Giovanni Giustiniani Longo (Greek: Ιωάννης Λόνγος Ιουστινιάνης, Iōánnēs Lóngos Ioustiniánēs; Latin: Ioannes Iustinianus Longus; 1418 – 1 June 1453) was a Genoese nobleman, captain, and defender of Constantinople during its siege in 1453. He was instrumental in its defense and commanded 700 men, as well as leading the land forces protecting the city.

Family and early life 
Giustiniani was a member of the powerful House of Doria and was probably native to the island of Chios. Although little is known of his origin, Giustiniani was known to be a mercenary soldier, and was an expert at defending besieged cities.

Siege of Constantinople 
Upon hearing of the plight of Constantinople, Giustiniani (along with 700 men from Chios and Genoa) sailed to defend the city, arriving in late January to prepare for the siege. Constantine XI strategically placed this contingent to the right of his own position, and appointed Giustiniani to the rank of Protostrator.

Constantine appointed Giustiniani as the leader of the city's land defenses, and prior to the siege he was tasked with training soldiers, reinforcing fortifications, and generally preparing for the imminent attack. Learning from the siege of 1422, he directed the defense efforts at the outer walls, with Archbishop Leonardo di Chio's suggestion that the inner walls be prioritized being dismissed due to their supposed disrepair.
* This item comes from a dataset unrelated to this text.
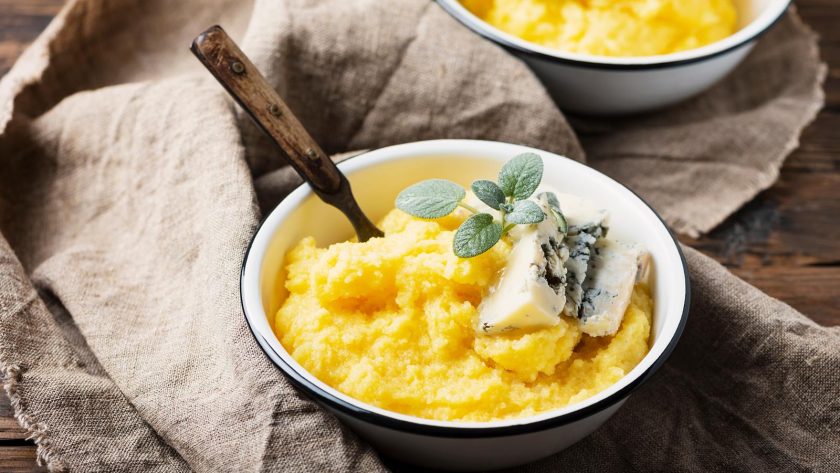 Polenta in pentola a pressione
During this stage, there was no manpower deficiency, though it became clear that there would only be 8,000-9,000 people to defend Constantinople. Noting that the city lacked funds to pay its defenders, Constantine used church jewelry and silverware to mint coins to pay the soldiers. Giustiniani was placed on the right of the most strategic and lowest lying section of the walls, between St. Romanos and Charisius. Immediately, he reorganised the army, trained the city's recruits in modern weaponry, and removed men who had fled to monasteries with the hope of escaping military duties, instead directing them to Constantinople's defensive efforts. Giustiniani also reinforced the wall's most critical points with his 700 Genoese mercenaries.  

Upon Sultan Mehmed's arrival on April 6, Giustiniani began commanding sorties to counterattack the Ottoman position. These are recorded as being very successful, and resulted in the destruction of Ottoman troops, siege works and artillery. However, sorties were gradually abandoned due to their high death rates. His approach regarding wall repairs was also a hindrance to the Ottomans; his strategy involved cushioning the blow of artillery fire by covering the walls in soft surfaces, and then filling gaps created by cannonballs with debris (which turned out to be highly effective as the cannonballs would simply sink into the rubble). Throughout the siege, Giustiniani and his men repaired the damaged walls, plugging gaps with soldiers to repel assaults when necessary. He also made use of small artillery pieces containing grapeshot, projectiles and items to drop on attackers attempting to scale the walls. 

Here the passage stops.